▶ DESCRIPTION OF THE TASK: Below are the records. Retype exactly the lines between the lines holding "Lemon Embroidered Knit - Flea Boutiques" and "Rubio arrives for", inclusive.

▶ INFORMATION SHOWN:
......

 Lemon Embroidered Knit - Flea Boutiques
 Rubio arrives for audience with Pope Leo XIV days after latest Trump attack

......

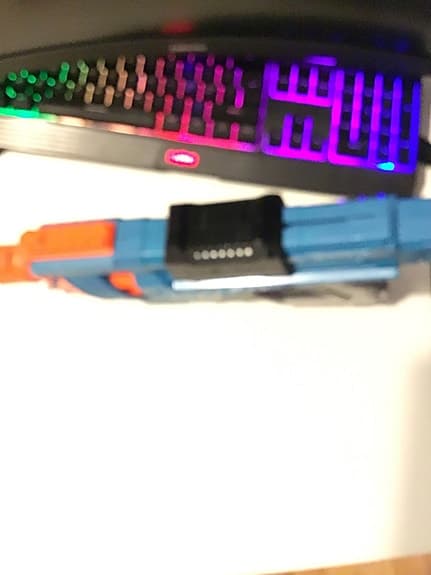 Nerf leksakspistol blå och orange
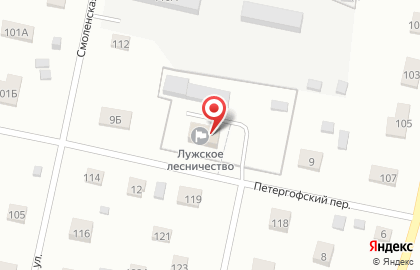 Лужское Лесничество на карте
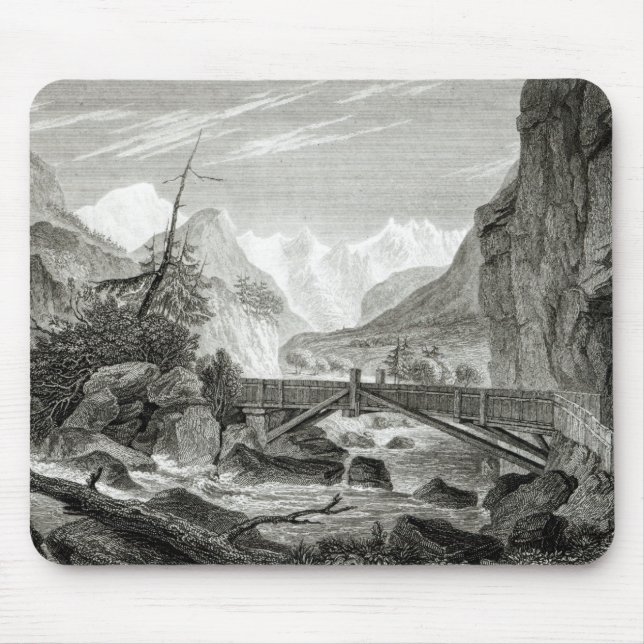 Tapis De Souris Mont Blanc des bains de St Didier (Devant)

......

▶ SOLUTION TO THE PROBLEM:
 Lemon Embroidered Knit - Flea Boutiques
 Rubio arrives for audience with Pope Leo XIV days after latest Trump attack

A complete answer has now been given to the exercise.